Thursday, 19 August 2010

Faith School Menace?


Last evening I tuned in to watch Richard Dawkins's programme Faith School Menace? on More4. As ever, the self-appointed Archpriest of Atheism came across as smug, ill-informed and, frankly, unpleasant in the face of a popular, respected, government-backed, time-honoured, successful British institution. For the guts to attack such an institution, Dawkins should at least be credited, but it may not surprise you to find out that I think his entire thesis fundamentally flawed.

Dawkins's line was that 2/3rds of UK Primary Schools are now Faith Schools - in that they can 'discriminate' on grounds of faith, and that they can formulate their own syllabus for Religious Education. This, he claims, is an accident of history: a hang-over from a 1960s policy when the Church of England was contributing towards the cost of such schools. Dawkins further claims that the last government, under Tony Blair and with Charles Clarke in Education, 'went the wrong way' by establishing Faith Schools of other faiths, rather than reigning-in the entire project and calling it a day.

Charles Clarke made a weak but fair plea that this New Labour initiative sought to redress the balance of Christian-only Faith Schools, but admitted that he was, himself, a convert (I know!) to the concept of Faith Schools. Clarke went on to state that his main reason for strengthening the position of Faith Schools was based on a fear of voting reprisals should they be abolished.

Dawkins sought out every expert he could to explain why Faith Schools seem to do better than non-Faith Schools - apparently this is due to pushy parents, not excellent teachers, better facilities or a safer and more productive working environment. I'd like to see him make such a statement in the Staff Room of any Faith School.
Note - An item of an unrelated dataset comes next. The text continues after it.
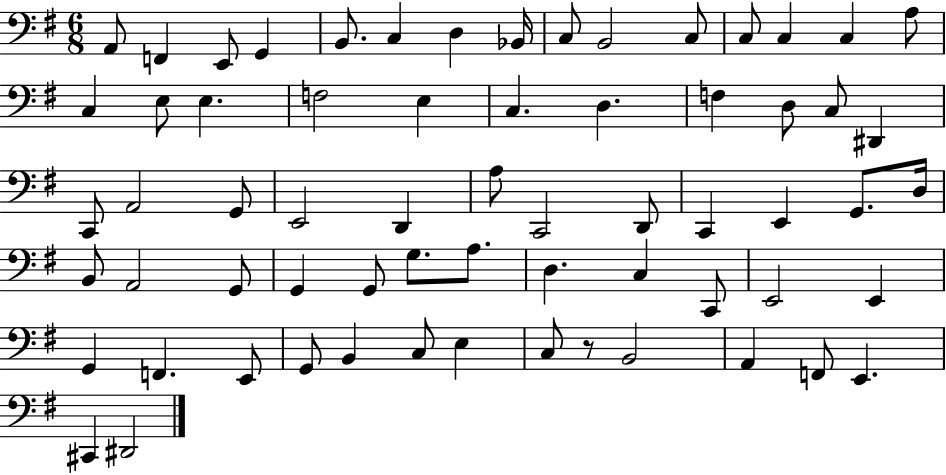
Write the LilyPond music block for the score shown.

Furthermore, he went on to assist the claim (with the help of a couple of parents) that the Catholic Church is happy to accept bribes - albeit in the form of donations for 'the church roof' - and that the Church of England does nothing to discourage non-believers from converting for the sake of their children's education. Both of these claims are scandalous. The fact that Prof. Dawkins had to make it very clear that the clergy in question denied all such accusations and that the process under scrutiny was, in fact, independent of the parish or church in question, merely goes to show how weak and petty his argument is. It is, however, a sad fact that the portrayal of his thesis went pretty well unharmed by this information.
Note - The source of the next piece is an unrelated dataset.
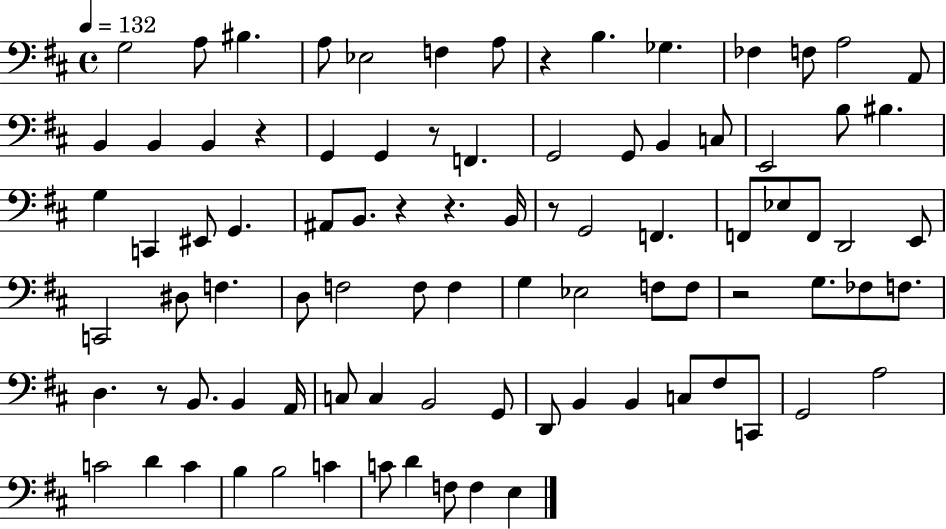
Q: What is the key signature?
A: D major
There is little point in challenging Dawkins's views on Faith Schools. They are widely published (endlessly so, in fact) by him and atheist organizations. What I would like to do, however, is to salute the work of those who - despite this man's efforts - make the education of our children better, stronger, and more closely orientated towards a life with Jesus Christ. The facts and figures prove that Faith Schools are an important part of the life of British culture and society and that they contribute to a flourishing and succesful sector of the education of children. Furthermore, those non-Faith Schools that open their doors to faith leaders are truly giving their children the chance to make their own decisions. So, to them too we offer our thanks and support in the face of Dawkins's critique.

Richard Dawkins is a member of the University of Oxford: an establishment founded for the training of Catholic priests. He also went to Oundle School, an Anglican public school. If such institutions can produce the likes of him how can he possibly want to abolish them, unless...?

2 comments:

Kentish Man said...

Richard Dawkins - roughly as good at theology as the pictured nun is likely to be at football

Marty said...

Richard Dawkins was reasonable and polite, not at all smug; in a sense the arguments for faith schools because they have "better" results than state schools are similar to those around private education; often better resources, more motivated staff and less challenging pupils. You cannot surely argue against, as he once again demonstrated so effectively at the end, the old jesuit mantra of "give me the child and i will show you the man". And as christians have exploited young peoples natural curiosity with simple, tidy answers, so are muslim faith schools exploiting their charges, again brilliantly demonstrated by his silence when one of the young women acknowledged her desire to become a doctor whilst denying scientific fact. Very revealing, and rather scary exposition of our divided society.